- What the task requires
Retype exactly the span of lines below from the one with "Sunburnt Plus applying" through the one with "Man shown on". Do not include pictures.

··· Available records

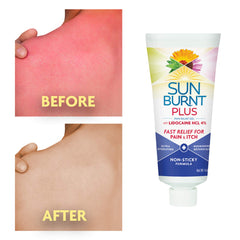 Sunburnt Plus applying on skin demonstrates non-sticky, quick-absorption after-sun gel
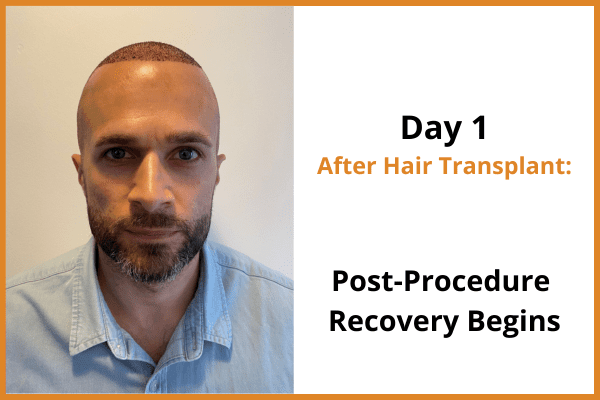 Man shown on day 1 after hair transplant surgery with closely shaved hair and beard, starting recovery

······
··· Available records

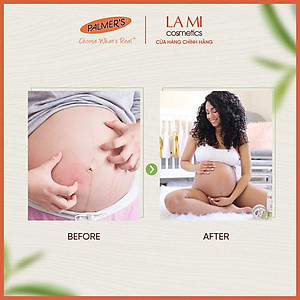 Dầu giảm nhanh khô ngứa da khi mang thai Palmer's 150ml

······

- Solution to the exercise
 Sunburnt Plus applying on skin demonstrates non-sticky, quick-absorption after-sun gel
 Man shown on day 1 after hair transplant surgery with closely shaved hair and beard, starting recovery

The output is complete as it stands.